Molecular profiling of angiogenesis in hypericin mediated photodynamic therapy

Hypericin fluorescence in the tumor was evaluated using a fluorescence endoscopy system to determine the uptake kinetics in the tumor at 0.5 and 6 h post drug administration. Fluorescence intensity in the tumor was higher at 6 h compared to 0.5 h post HY administration suggesting higher tumor selectivity (Fig. 1A). At 6 h fluorescence in muscle and skin was lower indicating higher clearance from normal tissue. The tumor to normal tissue ratio tabulated from the fluorescence images was greater at 6 h compared to 0.5 h post HY administration, p < 0.01 (Fig. 1B).

Hypericin microfluorescence was detected using a confocal laser scanning microscope to establish the correlation between macro and microfluorescence observed in the tumors at 0.5 and 6 h post drug administration. Microscopic fluorescence of HY in the tumor was significantly higher at 6 h compared to 0.5 h time point (Fig. 2A). Fluorescence increased twofold at 6 h post HY administration compared to 0.5 h, p < 0.01 (Fig. 2B).

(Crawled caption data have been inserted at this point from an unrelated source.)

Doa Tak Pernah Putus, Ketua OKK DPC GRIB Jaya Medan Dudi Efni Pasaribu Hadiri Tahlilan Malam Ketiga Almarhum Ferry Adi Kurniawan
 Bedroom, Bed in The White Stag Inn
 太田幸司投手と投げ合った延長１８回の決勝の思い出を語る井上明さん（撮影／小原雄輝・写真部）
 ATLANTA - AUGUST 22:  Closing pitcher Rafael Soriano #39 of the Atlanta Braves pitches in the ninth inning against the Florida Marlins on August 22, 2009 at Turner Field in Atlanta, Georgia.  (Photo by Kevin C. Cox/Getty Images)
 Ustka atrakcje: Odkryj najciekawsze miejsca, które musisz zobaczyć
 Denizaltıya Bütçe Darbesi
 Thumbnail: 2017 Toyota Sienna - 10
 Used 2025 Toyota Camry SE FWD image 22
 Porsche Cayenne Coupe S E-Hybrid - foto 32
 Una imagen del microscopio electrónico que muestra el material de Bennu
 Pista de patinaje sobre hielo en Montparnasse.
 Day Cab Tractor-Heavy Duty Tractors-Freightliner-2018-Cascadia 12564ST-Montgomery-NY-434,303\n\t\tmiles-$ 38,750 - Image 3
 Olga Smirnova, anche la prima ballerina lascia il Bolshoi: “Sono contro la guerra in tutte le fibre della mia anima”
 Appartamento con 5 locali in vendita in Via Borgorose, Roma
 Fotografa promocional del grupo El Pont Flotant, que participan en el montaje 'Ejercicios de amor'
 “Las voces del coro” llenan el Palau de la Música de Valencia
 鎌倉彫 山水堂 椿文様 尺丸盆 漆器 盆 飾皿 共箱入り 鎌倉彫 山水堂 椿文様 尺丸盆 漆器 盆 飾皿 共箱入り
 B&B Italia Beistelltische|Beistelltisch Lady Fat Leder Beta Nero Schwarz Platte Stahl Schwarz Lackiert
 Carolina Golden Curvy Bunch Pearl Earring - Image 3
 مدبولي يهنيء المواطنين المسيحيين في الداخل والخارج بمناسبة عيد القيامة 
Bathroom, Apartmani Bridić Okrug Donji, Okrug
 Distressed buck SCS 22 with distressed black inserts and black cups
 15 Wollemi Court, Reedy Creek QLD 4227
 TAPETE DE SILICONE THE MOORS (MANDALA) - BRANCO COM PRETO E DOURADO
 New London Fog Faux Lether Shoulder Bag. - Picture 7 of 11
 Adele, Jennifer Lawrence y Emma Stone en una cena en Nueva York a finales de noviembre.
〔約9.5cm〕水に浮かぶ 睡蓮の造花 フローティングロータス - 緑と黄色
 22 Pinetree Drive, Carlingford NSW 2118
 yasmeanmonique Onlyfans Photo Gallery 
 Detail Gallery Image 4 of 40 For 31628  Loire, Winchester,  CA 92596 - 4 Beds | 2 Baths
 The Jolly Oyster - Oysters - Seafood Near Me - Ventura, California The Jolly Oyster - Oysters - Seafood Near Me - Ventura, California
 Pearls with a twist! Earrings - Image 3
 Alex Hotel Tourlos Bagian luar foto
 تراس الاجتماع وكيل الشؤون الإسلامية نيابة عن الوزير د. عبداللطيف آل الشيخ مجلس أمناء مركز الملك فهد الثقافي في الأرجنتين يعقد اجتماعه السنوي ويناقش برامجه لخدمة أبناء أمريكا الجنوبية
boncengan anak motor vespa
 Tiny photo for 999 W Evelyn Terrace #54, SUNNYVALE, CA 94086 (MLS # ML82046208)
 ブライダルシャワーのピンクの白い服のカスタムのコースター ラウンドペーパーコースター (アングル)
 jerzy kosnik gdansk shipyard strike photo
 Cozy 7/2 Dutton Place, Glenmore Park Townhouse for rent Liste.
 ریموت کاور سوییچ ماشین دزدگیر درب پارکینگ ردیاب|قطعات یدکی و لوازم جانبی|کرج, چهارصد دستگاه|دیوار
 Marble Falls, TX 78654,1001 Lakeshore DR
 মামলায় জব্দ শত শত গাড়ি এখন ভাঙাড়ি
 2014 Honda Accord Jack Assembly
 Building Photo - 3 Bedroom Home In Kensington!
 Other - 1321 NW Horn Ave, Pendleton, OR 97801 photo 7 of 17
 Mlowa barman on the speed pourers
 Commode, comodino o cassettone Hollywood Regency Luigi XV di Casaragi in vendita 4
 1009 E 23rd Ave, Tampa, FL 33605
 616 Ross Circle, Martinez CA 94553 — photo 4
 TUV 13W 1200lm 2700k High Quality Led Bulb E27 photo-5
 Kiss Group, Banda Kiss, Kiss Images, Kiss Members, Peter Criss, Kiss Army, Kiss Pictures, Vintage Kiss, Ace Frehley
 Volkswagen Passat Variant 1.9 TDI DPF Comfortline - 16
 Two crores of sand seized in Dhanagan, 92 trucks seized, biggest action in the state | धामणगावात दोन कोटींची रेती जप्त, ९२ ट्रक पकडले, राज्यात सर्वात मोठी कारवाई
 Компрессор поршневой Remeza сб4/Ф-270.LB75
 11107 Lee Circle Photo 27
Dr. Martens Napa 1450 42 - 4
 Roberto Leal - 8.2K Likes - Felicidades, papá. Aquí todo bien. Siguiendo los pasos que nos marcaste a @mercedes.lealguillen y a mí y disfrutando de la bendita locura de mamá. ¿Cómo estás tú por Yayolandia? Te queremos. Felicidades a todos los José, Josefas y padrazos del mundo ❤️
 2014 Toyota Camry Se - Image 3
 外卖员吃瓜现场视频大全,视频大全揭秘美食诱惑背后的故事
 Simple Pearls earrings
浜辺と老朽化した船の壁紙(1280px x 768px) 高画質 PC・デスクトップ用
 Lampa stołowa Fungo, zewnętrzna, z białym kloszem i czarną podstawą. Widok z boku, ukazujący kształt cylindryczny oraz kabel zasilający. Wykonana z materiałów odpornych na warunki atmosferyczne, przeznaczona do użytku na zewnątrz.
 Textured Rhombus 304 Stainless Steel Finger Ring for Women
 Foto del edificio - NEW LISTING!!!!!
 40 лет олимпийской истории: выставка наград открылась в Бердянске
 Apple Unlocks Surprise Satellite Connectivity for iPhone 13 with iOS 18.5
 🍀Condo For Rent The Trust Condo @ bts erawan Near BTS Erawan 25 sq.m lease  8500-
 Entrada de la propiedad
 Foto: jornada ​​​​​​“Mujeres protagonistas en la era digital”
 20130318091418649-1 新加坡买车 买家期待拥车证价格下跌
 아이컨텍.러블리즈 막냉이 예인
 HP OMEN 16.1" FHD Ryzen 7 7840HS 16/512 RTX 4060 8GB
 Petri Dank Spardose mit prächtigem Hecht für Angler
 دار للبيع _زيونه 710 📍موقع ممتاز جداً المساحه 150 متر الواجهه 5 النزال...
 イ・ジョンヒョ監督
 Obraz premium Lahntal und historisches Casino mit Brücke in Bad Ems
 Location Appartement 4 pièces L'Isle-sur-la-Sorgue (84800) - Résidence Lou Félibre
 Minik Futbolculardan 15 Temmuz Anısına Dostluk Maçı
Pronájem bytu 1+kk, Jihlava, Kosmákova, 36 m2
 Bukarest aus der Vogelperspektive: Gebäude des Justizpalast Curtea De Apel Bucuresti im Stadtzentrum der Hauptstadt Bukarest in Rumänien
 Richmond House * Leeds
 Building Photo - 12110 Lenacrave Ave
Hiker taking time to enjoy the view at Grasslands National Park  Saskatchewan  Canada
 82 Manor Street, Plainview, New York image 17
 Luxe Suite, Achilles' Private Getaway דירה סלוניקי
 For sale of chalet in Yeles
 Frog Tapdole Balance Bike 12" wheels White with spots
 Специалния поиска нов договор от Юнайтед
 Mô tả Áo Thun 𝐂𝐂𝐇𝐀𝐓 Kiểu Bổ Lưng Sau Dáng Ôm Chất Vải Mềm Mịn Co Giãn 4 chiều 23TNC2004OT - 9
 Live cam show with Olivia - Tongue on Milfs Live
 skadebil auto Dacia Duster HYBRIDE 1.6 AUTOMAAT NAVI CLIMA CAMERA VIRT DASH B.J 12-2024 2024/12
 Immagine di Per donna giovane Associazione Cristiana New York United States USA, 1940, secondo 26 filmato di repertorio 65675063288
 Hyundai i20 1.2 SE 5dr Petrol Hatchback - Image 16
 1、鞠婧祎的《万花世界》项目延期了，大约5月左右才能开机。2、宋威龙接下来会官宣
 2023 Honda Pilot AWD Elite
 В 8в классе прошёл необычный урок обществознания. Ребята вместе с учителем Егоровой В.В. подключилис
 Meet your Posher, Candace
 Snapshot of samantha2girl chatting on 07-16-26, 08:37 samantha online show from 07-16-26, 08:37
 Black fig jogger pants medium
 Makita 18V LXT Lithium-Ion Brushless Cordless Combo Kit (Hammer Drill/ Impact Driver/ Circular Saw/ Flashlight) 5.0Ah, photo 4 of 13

Tumors were allowed to grow up to sizes of 6–7 mm in diameter before PDT treatment was carried out, and were measured three times a week. Animals subjected to vascular targeted short DLI PDT exhibited greater tumor response compared to cellular targeted long DLI PDT, p < 0.05 and control, p < 0.01 (Fig. 3). The decrease in growth rate in short DLI PDT group is indicative of significant damage to the tumor vasculature during treatment.

Blood vessel staining was performed to calculate vessel density after HY-PDT treatment. Immunohistochemistry revealed highest endothelium density at 24 h after long DLI PDT (IHC score 4) (Fig. 4C), however at 24 h post short DLI PDT, lesser smudged and diffused staining pattern (IHC score 2) of endothelial cells were noted (Fig. 4B). Moderate staining (IHC score 1) of blood vessels were observed in control, short and long DLI PDT 30 days treated tumors (Fig 4A, D, E).

Blotting of angiogenic proteins, i.e. VEGF, TNF-α and IFN-α was carried out to understand the modulations in protein expression at 24 h and 30 days post PDT treatment. TNF-α was significantly downregulated at 30 days post vascular targeted short DLI PDT compared to all other treatment groups. Expression of VEGF and IFN-α was significantly upregulated in long DLI 24 h group compared to all other groups (p < 0.05) (Fig 5A, B).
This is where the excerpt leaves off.